Copy the complete listing word for word, but do not carry over any images.

Source material:

[Start of Attachment]

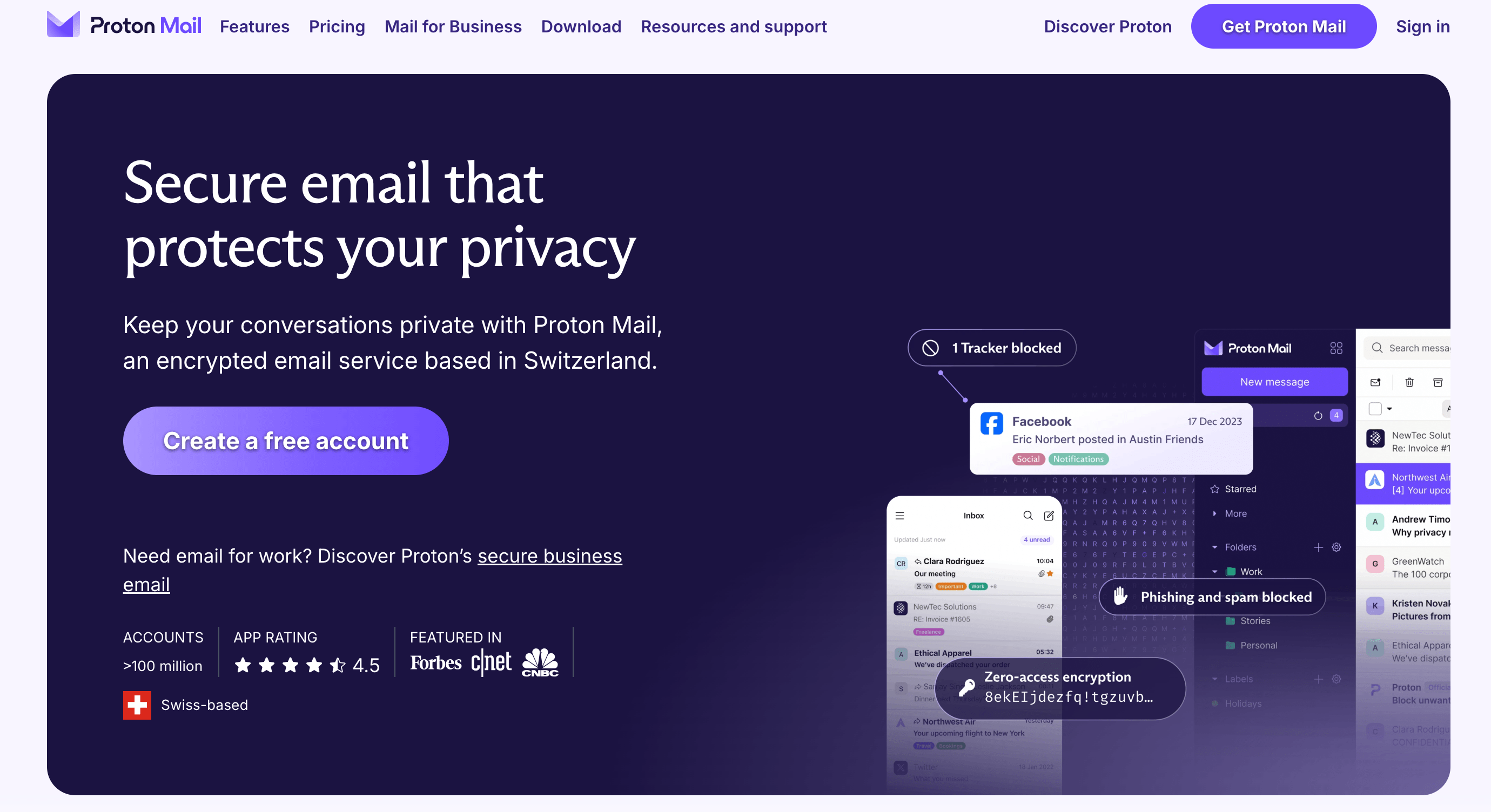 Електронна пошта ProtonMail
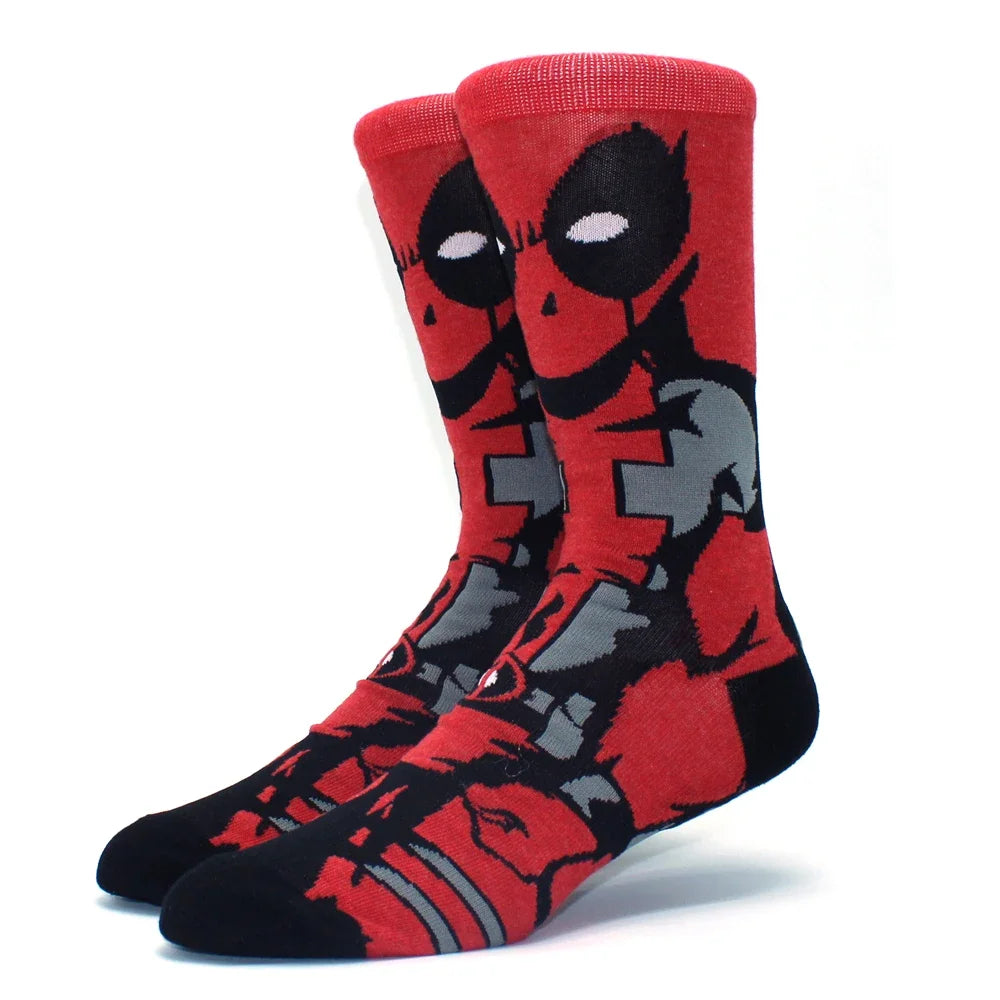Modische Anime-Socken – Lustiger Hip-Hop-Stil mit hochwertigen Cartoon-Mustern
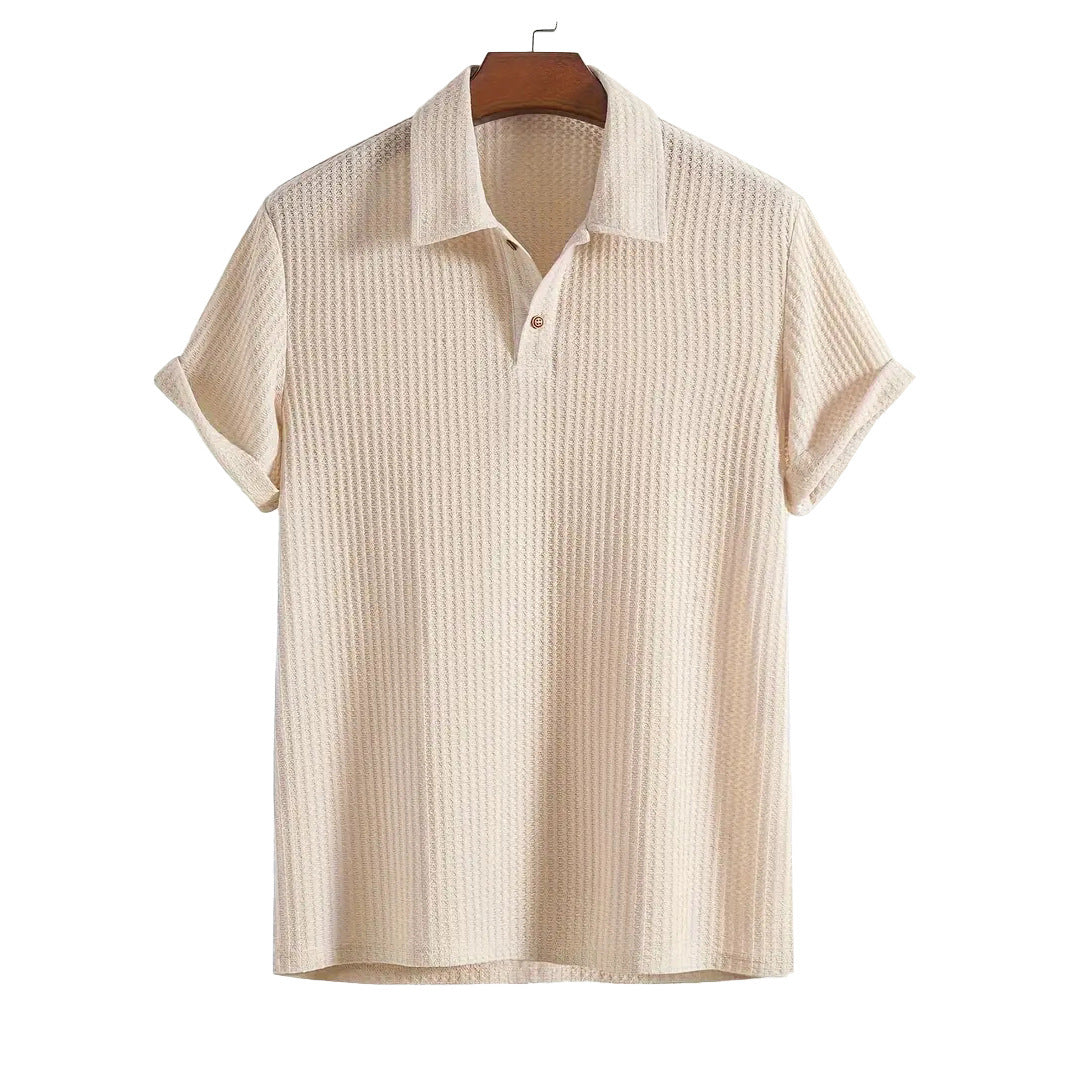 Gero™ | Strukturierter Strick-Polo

[End of Attachment]

Reply to the exercise:
 Електронна пошта ProtonMail
Modische Anime-Socken – Lustiger Hip-Hop-Stil mit hochwertigen Cartoon-Mustern
 Gero™ | Strukturierter Strick-Polo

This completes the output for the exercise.